Der Teufel, den der in Fieberwahn gefallene
Iwan eben noch als sein abgespaltenes Ich durchschaut hat,
argumentiert nämlich wie folgt: „Hat die Menschheit sich erst
samt und sonders von Gott losgesagt – und ich glaube, daß diese
Periode sich <...> vollenden wird – , so
werden von selbst <...> das ganze frühere Weltbild und vor
allem die ganze frühere Moral zunichte, und auf
allen Gebieten bricht Neues an. Die Menschen werden
sich zusammenschließen, um vom Leben alles zu nehmen, was es
geben kann, aber unbedingt zu Glück
und
Freude einzig und allein auf der hiesigen Welt. Der Mensch wird
sich gewaltig erheben im Geiste göttlichen,
titanischen Stolzes, und hervortreten wird der
Gott-Mensch. <...> Jeder
wird begreifen, daß er sterblich ist, ganz, ohne
Auferstehung, und wird den Tod stolz und gelassen hinnehmen
wie ein Gott. <...> Da dies aber in Anbetracht der
eingefleischten menschlichen Dummheit wohl noch in tausend
Jahren sich nicht verwirklichen läßt, so
sollte es jedem, der heute schon die Wahrheit begreift, erlaubt
sein,
sich ganz nach seinem Gutdünken einzurichten,
auf den neuen Grundlagen.

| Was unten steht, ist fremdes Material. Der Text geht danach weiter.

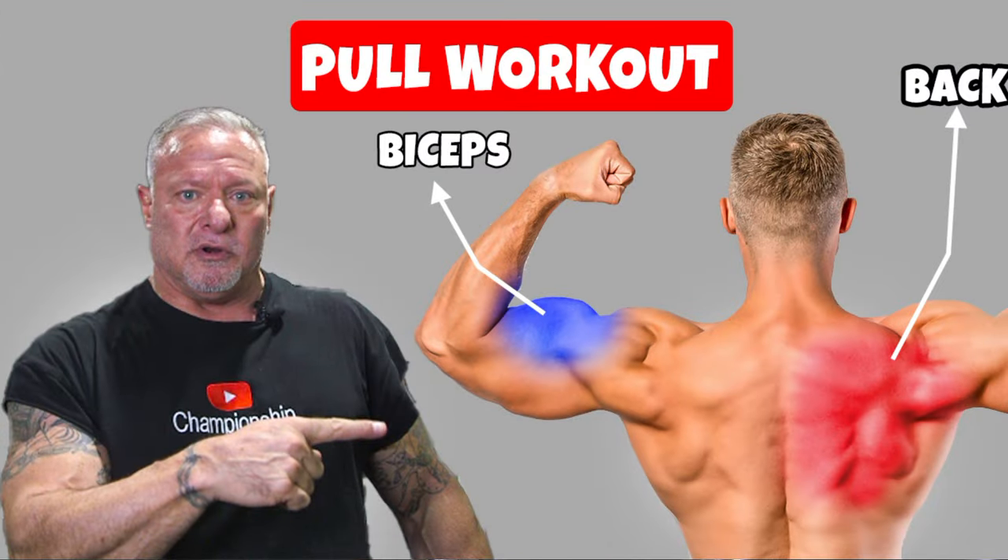This video is going to be a continuation of a previous video I did for pull workouts for back and biceps — my mass builders. This video here is going to be for the finishing exercises for back and biceps. If you didn't see that previous video, pull workout for building mass, at the end of this video in the end card there's a link to it. So let's take this over to the front lap pulldowns and we'll get this party started.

In
diesem Sinne ist ihm ,alles erlaubt.’”
Fjodor Dostojewski, Die
Brüder Karamasow
(Berlin
und Weimar, 3. Aufl. 1992), Bd. 2, S. 506f. (9. Kap. des 11. Buchs)
Der
Roman Die
Brüder Karamasow
entstand 1878-80 und wurde 1884 ins Deutsche übersetzt. Im 3.
Buch von Nietzsches Die
fröhliche Wissenschaft
(erschienen 1882) wird der Gedanke vom Tode Gottes mit
ähnlicher Konsequenz als Faktum von „dem tollen
Menschen” ausgerufen, der wie einst der Kyniker Diogenes am hellen
Tag mit der Laterne auf der Suche ist: „Wohin ist
Gott? rief er, ich will es euch sagen! Wir haben
ihn
getödtet, – ihr und ich! Wir Alle sind seine Mörder!
<...> Giebt es noch ein Oben und ein Unten? Irren wir nicht wie
durch ein unendliches Nichts? <...> Riechen wir noch
Nichts von der göttlichen Verwesung? - auch Götter verwesen!

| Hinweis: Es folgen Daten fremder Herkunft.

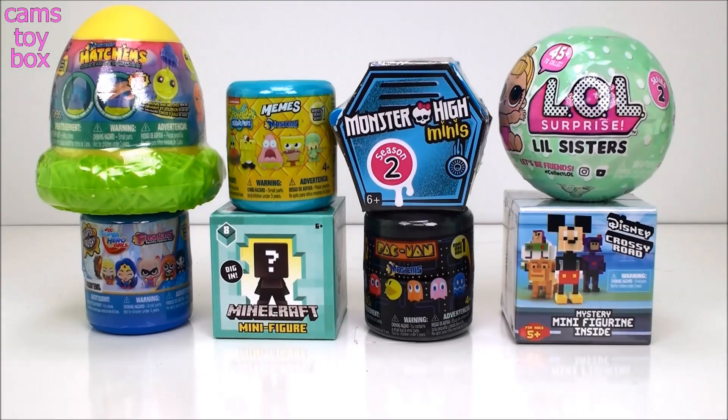Hi everyone! Welcome back to Cam's Toy Box. Today we have eight all new surprises to open.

Gott ist todt! Gott bleibt todt! Und wir haben
ihn getödtet! <...> Ist nicht die Grösse dieser
That zu gross für uns? Müssen wir nicht selber zu Göttern
werden, um nur ihrer würdig zu erscheinen? <...> Ich
komme zu früh, sagte er dann, ich bin noch nicht an der Zeit. Diess
ungeheure Ereigniss ist <...> noch nicht
bis zu den Ohren der Menschen gedrungen.”
Friedrich Nietzsche, Sämtliche
Werke. Kritische Studienausgabe,
Bd. 3 (München 1980), S. 480f. (Aphorismus 125). Vgl.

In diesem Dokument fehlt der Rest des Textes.